Cecilia se movía y su lengua giraba. Lamió mi glande con su lengua de hielo,
absorbiendo el semen, atrapándolo como si fuese un tesoro que quisiera
conservar. El placer me recorrió llenando su boca. La música se silenció.
Se separó de mí despacio y sonriendo, se subió las braguitas y colocó la falda
en su sitio. Mis ojos se despidieron de sus pechos y los cubrió con cuidado. Aun
sonreía cuando corrió escaleras arriba.
Me levanté despacio y confuso. Regresé a casa y me tumbé en la cama, recordando
cada detalle. Busqué a Cecilia cada día durante un mes, paseé cerca de su casa,
busqué su mirada en las calles, pero había volado.

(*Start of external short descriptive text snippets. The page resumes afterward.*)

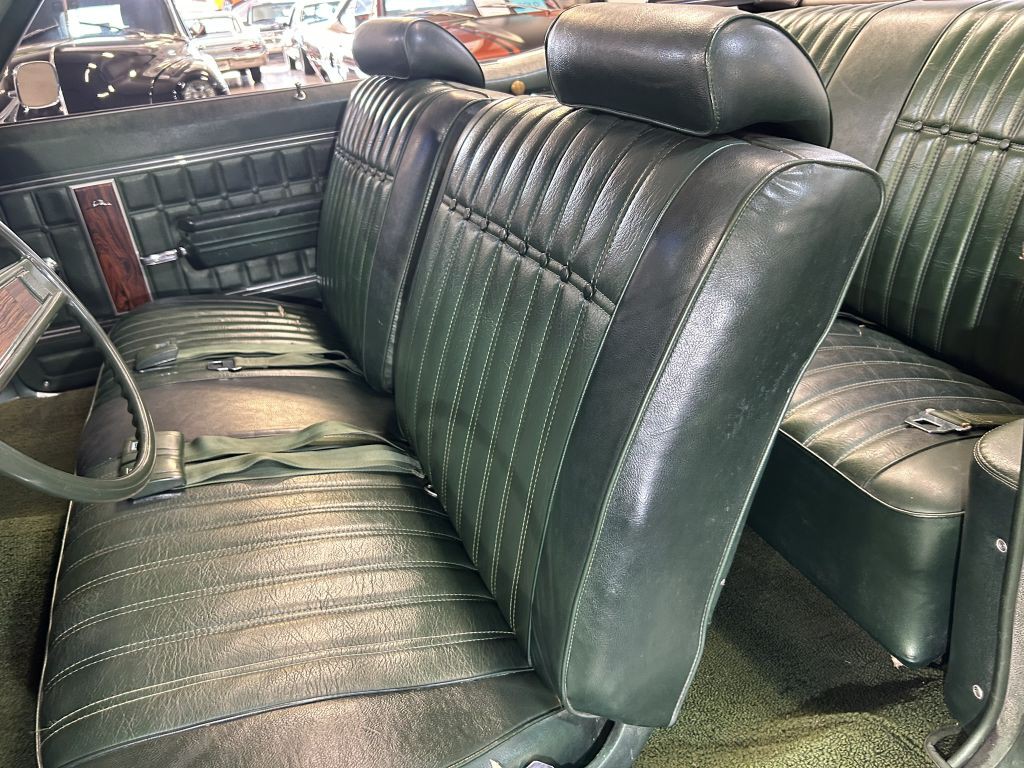 1970 Chevrolet Impala Image 46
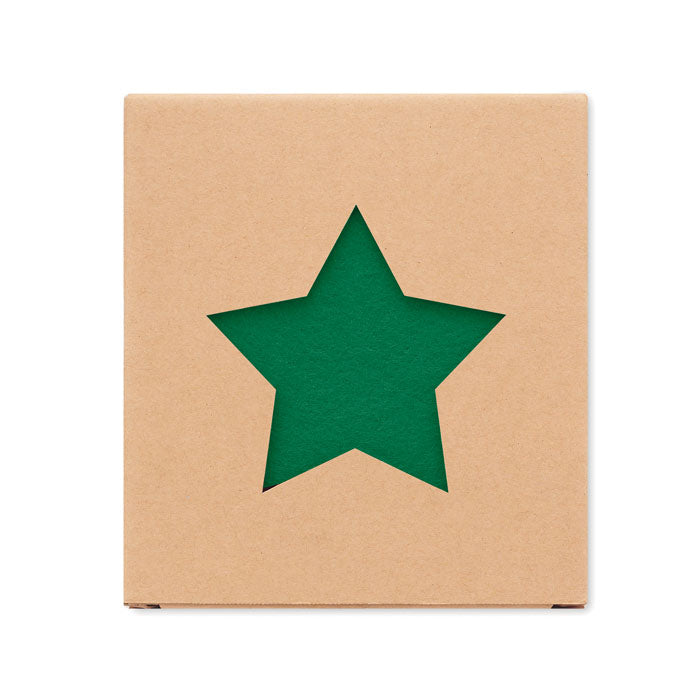 STARGUARD - Juego de posavasos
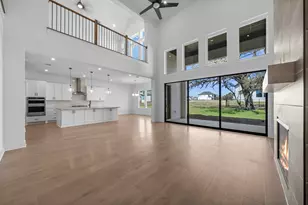 2661 Novara Trl, Leander, TX 78641 - Photo 5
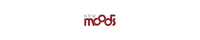 Logo New Moods 400x80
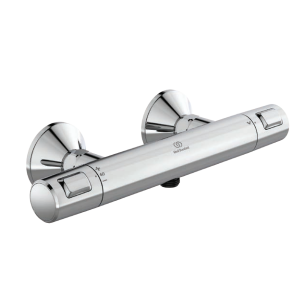 Thermostatic Shower Mixer Tap Inca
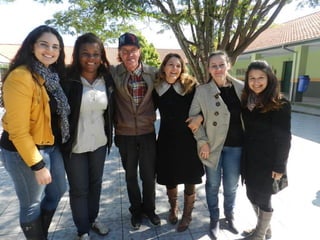 Dia do estudante hf 2013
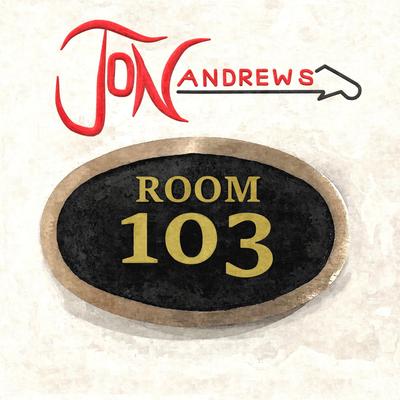 ROOM 103's cover
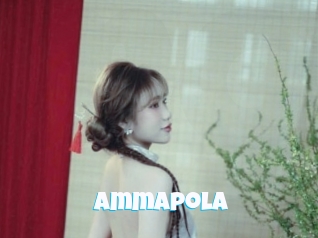 ammapola Miss Gros Seins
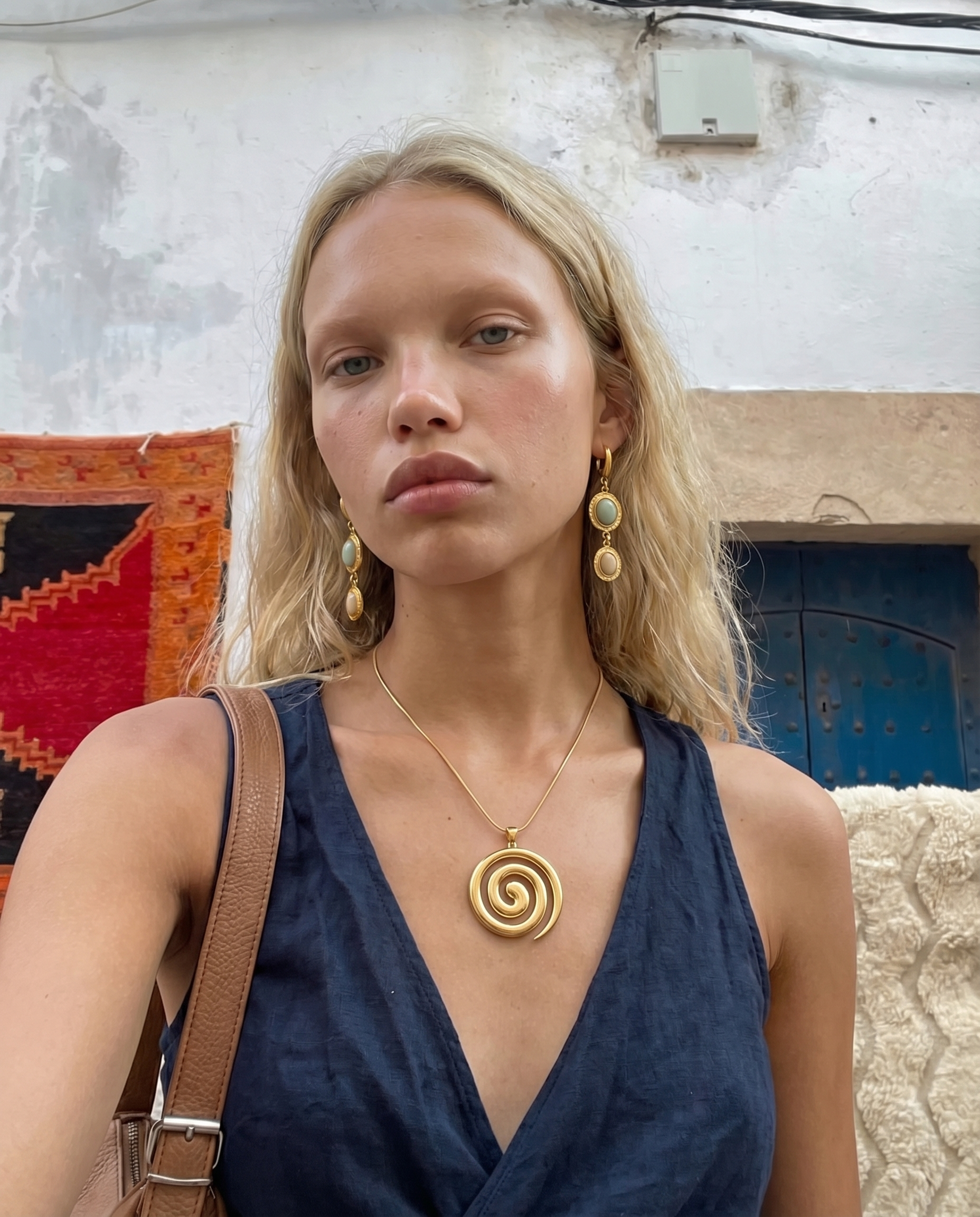 Lerici Necklace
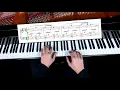 Download Lagu Schumann – Kinderszenen Op. 15 No. 1 | Complete Piano Tutorial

Abrumado y sin rumbo, me preguntaba sin cesar cuán real había
sido aquello. De vez en cuando escuchaba en el viento una canción, la que sólo
Cecilia hacía sonar y me parecía aún sentir sus gemidos y sus manos recorriendo
con ansias mi cuerpo. Más todo era sólo un engaño de mi ingenua menté,
resistiéndose a olvidarla.
Un mes después Clara volvió a mí, tras conversaciones duras y palabras
acalladas. Llevamos juntos casi tres años. Ella es feliz, y yo me alegro de
tenerla cerca, porque entendí que era la mujer de mi vida. Decidí no contarle
nada de lo que había pasado mientras ella perdía peso y lloraba cada noche.
Clara me entrega su corazón con una sonrisa, lo da todo en un segundo por mi
felicidad.
Quizás algún bello amanecer pueda despertar y saber que conmigo no sòlo està la
mejor mujer que puedo tener, sino la que me diò un anticipo de un amor inmenso
jamàs entregado, Cecilia. Puede que eso jamàs ocurra y deba conformarme a ser el
dueño de una gema valiosìsima que nada sabe de cristales y sòlo la mira con
desdèn.
A veces pienso en Cecilia y escucho una música imposible en mi cabeza, noto una punzada de dolor cuando Clara está a mi lado y no es ella. Pienso en Cecilia sonriendo y Clara me mira, sonríe como un ángel, y yo pienso en que le hago daño sin evitarlo, pienso en olvidar a Cecilia y poder sonreír sinceramente a Clara. Me concentro en el pelo rubio, los ojos azules, las miradas tibias y serenas, pienso en su rostro de sueño imposible, en sus manos suaves y sus curvas queridas, pero es que... ella nunca será Cecilia.
Aquí lo prometido, una versión revisada de un relato ya casi antiguo. Si la segunda parte me conforma, probablemente vea la luz pública.